I didn’t quite think it through though as I forgot to buy the light set and number plate and stuff. We still took it to Wales but I’m pretty sure had a police man pulled in behind us then we’d have been in a spot of trouble. Must buy some stuff to make it all legal.
For a while now we’ve been sitting on the outdoor garden furniture and remarking upon how tatty it was. Even Paddy, of all people, remarked that it had definitely seen better days. So we bought some more. Proper recyclable furniture. Created in conjunction with the Eden Project made from fully renewable stuff. It’s a vision of beauty.
Got drunk and agreed to buy a car. I reckon this is at least car #3 that I’ve bought whilst drunk. Excellent fun though. BMW Z4 2.5L Straight 6 with a roof that goes up and down like a god damned Transformer – wackkah acckaaah ack
Kinda lost the plot for a while. Lockdown and excessive drinking was making me crazy and I came perilously close to quitting my job. Emma persuaded me to take a couple of weeks off work instead and see how things worked out. So I decided to start my two week vay-kay by going on a full day session pub crawling through the Lancashire countryside with 75% of the band, and Nigel.
Did the trick though – I’m now back at work and enjoying myself. Just needed a bit of a break really.
Well, it turns out that because my compost bins are built beneath a tree it ends up being a bit dry. It got so dry that a bunch of wasps, and I mean thousands of the little buggers, decided to make a nest there. Usually I’m pretty cool about stuff like but they started freaking me out whenever I went into my shed and they even started flying into my office when I had the windows open. This obviously would not do!
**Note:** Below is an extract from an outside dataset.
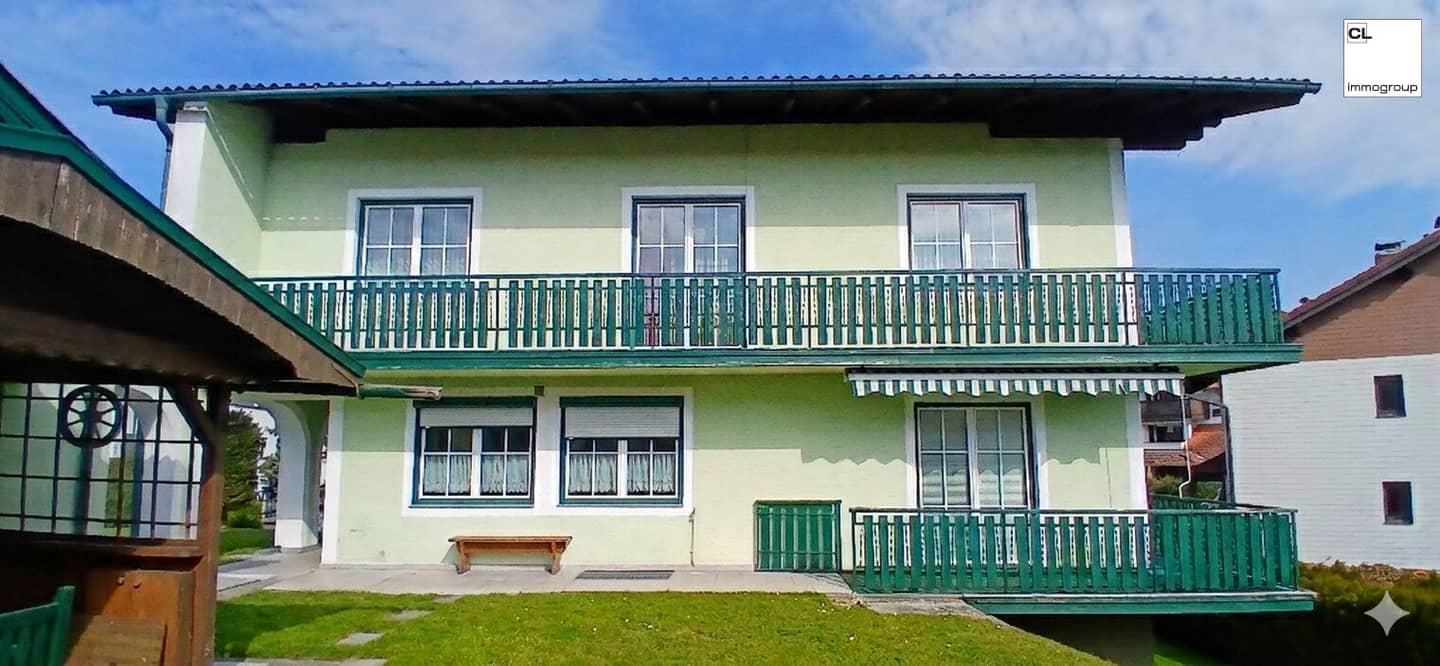 Großzügiges Zweifamilienhaus in Seekirchen am Wallersee - Ihr neues Zuhause mit schönen Ausblicken, großem Garten, Balkon nach Süden und Westen, Doppelgarage und Gartenlaube - vielseitig auf mehreren Ebenen nutzbar!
On the day of Oli’s birthday, Dragan, Oli and I went down there to do battle. I’d found a submersible water pump in the garage and bought myself a hose to go with it. Actually I bought two hoses but that’s more down to me hallucinating about receiving packages that hadn’t arrived yet – yeah, things got messy. Anyway – I plugged the hose onto the submersible water pump, dropped the pump into a full water butt, plugged the pump into a wifi enabled smart plug and then tried to fasten the hose to the top of a home made tripod that we built years ago for making tea on a fire https://www.junglefreedomfighters.com/?p=1046
It didn’t really work.
Eventually I just got my rake out and started pulling the compost apart.
Then I laid my blue pipe in there and emptied a water butt full of water over them. They stuck around for a few more days. Stung me twice whilst I was raking them out, but eventually they all wandered off and lived somewhere else.